-- What to do --
Without including any pictures, give back all of the data exactly.

-- Data --
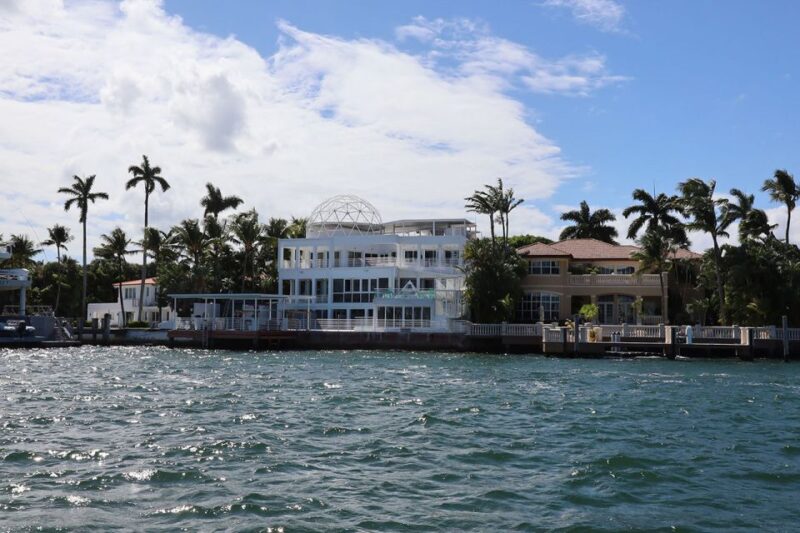 Miami Skyline Cruise of Millionaire Homes on Biscayne Bay - The Sum Up: An Easy and Affordable Miami Water Tour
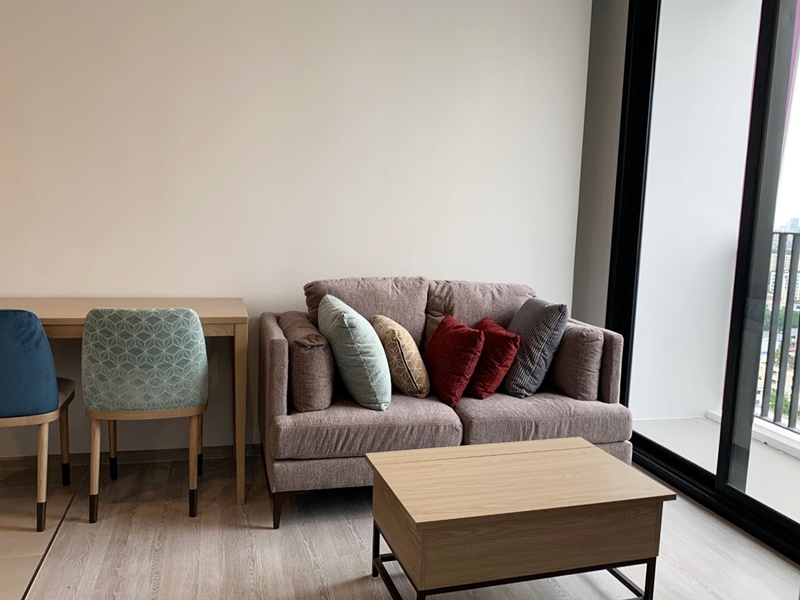 ให้เช่าคอนโด เอ็กซ์ที เอกมัย พื้นที่ 31.53 ตร.ม. 1 ห้องนอน เช่า 20,000 บ/ด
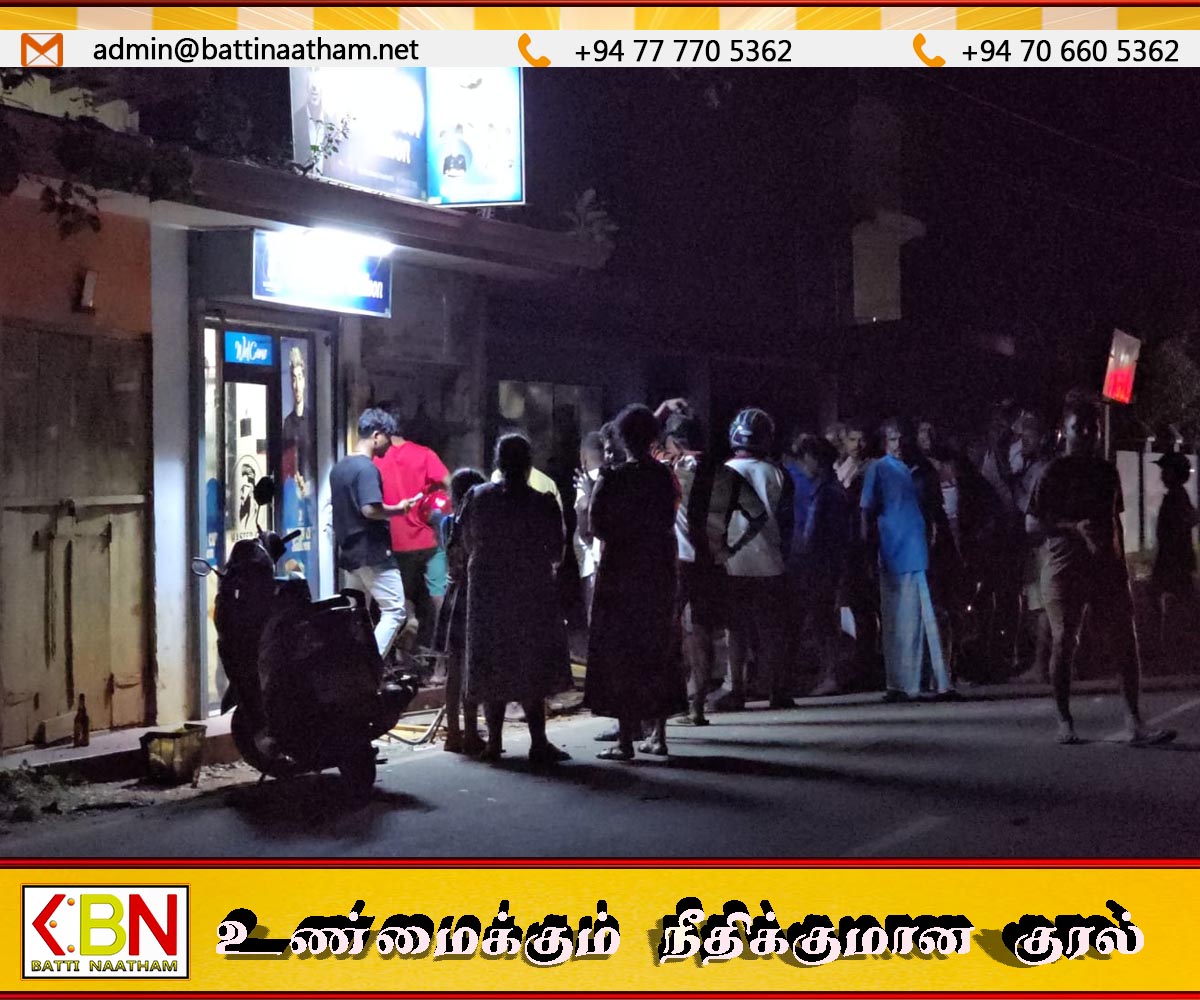 காரை துரத்திய மானிப்பாய் பொலிஸார்; விபத்தானத்தில் மூவர் படுகாயம்!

-- Reply to the task --
 Miami Skyline Cruise of Millionaire Homes on Biscayne Bay - The Sum Up: An Easy and Affordable Miami Water Tour
 ให้เช่าคอนโด เอ็กซ์ที เอกมัย พื้นที่ 31.53 ตร.ม. 1 ห้องนอน เช่า 20,000 บ/ด
 காரை துரத்திய மானிப்பாய் பொலிஸார்; விபத்தானத்தில் மூவர் படுகாயம்!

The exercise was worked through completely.